Alliances needed to fight extremism
The head of American special forces delivered a pitch for closer co-operation among allies to deal with global flash points, in a speech likely to receive a cool reception in deficit-minded Ottawa.
Admiral Bill McRaven, head of U.S. Special Operations Command, said the lessons of the post 9/11 world are clear.
Local acts of terrorism can quickly become a global phenomenon and it is cheaper to deal early with nations teetering on the brink of anarchy rather than allow them to become regional problems, he said.
The job is not for one nation, McRaven told a packed luncheon at a defence conference.
"The U.S. cannot address the challenges of tomorrow alone. They are too diverse, too unpredictable," he said.
"We don't have the fiscal capability, the manpower, and in some cases the resources to go it alone.
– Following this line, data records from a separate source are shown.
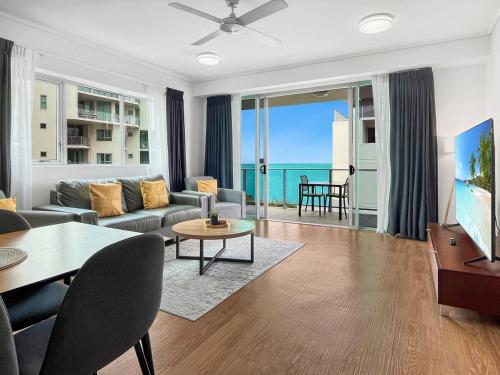 a living room with a view of the ocean at '10-A' Coral Sea Apartment - Pool & Ocean Views in Cairns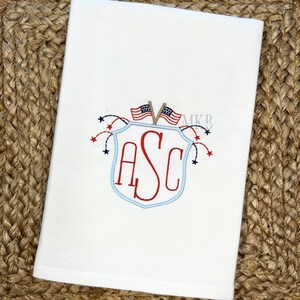 May include: A white embroidered kitchen towel with a blue and red shield design. The shield has the letters "ASC" inside and is topped with two small American flags. Fireworks are coming out of the top of the shield.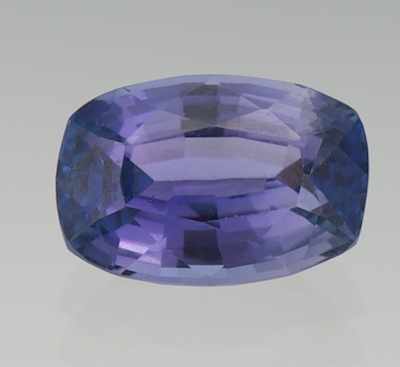 Appraisal: An Unmounted Tanzanite UGL Report Faceted cushion cut weighing carat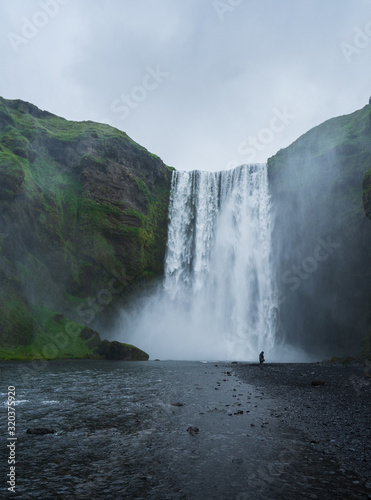 Majestic skogafoss in Iceland, cloudy day with tourist in front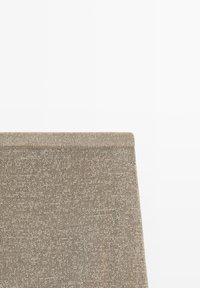 Gros plan d'un tissu beige tricoté avec un bord plié visible sur un fond blanc uni.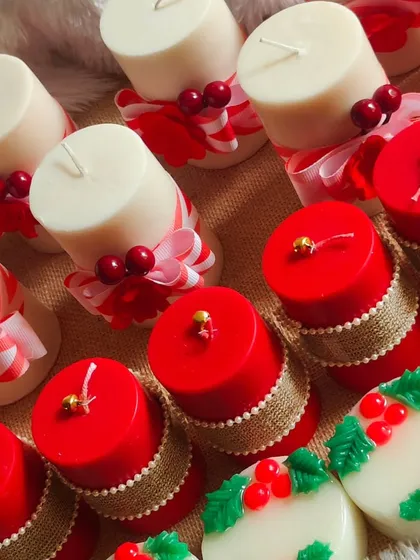 A close-up of the festive red and white pillar candles and holly-themed soaps.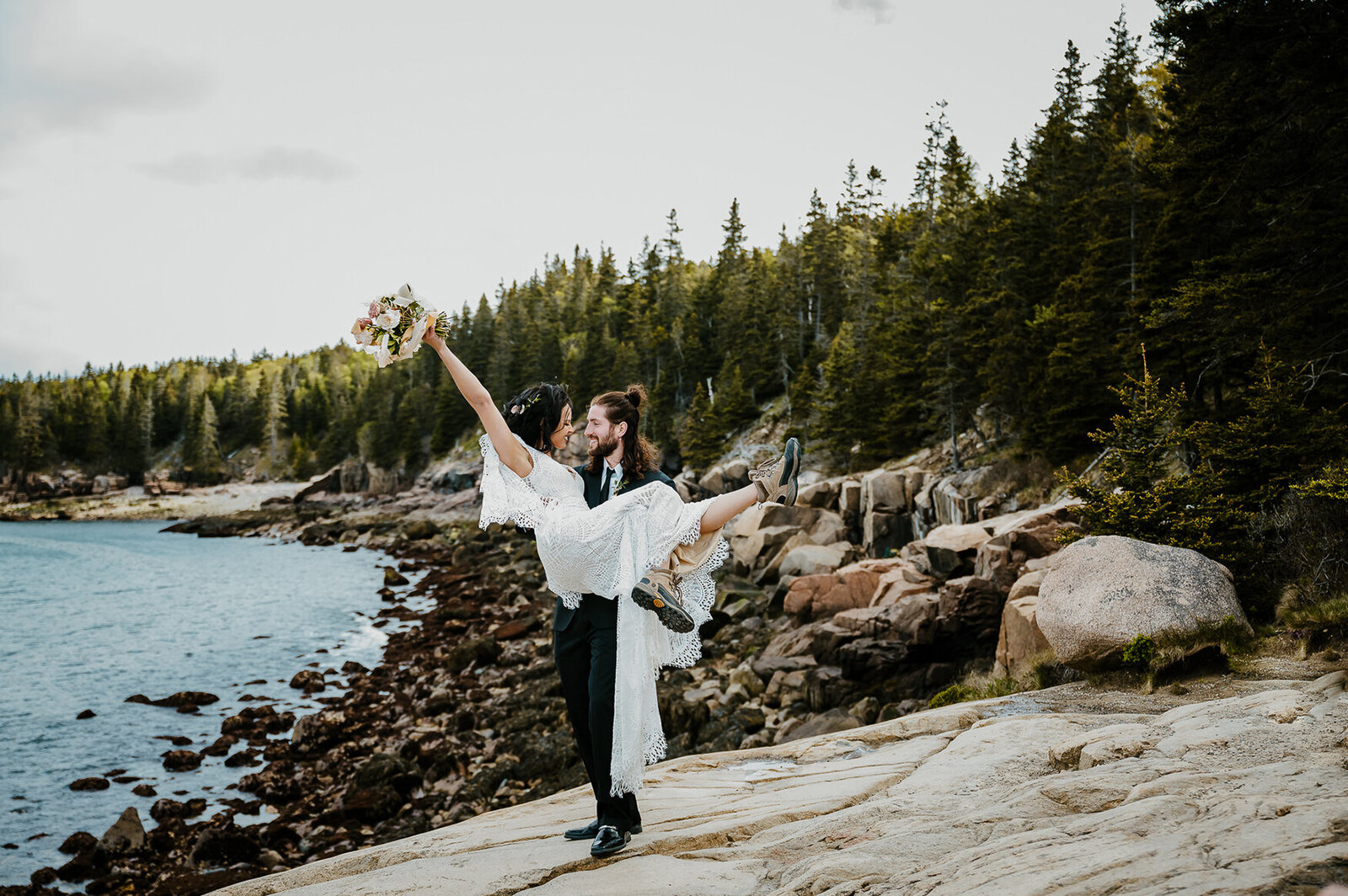 groom holds bride on shore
None of us do."
To prevent violence-plagued countries from becoming failed states, McRaven said, special forces need to train local forces.
Relationships with security forces in trouble spots are also key.
And countries with highly skilled commando and counter-terrorism units should be more formally bound together on the international level, perhaps under the umbrella of NATO's recently created special forces command.
His pitch stands in contrast to the prevailing wisdom in Ottawa, where the Harper government has made clear it will not send combat troops, commandos or otherwise, to the world's trouble spots, such as Mali.
McRaven says his speech Friday to the Conference of Defence Associations annual meeting was not aimed at Canada, or intended to be political.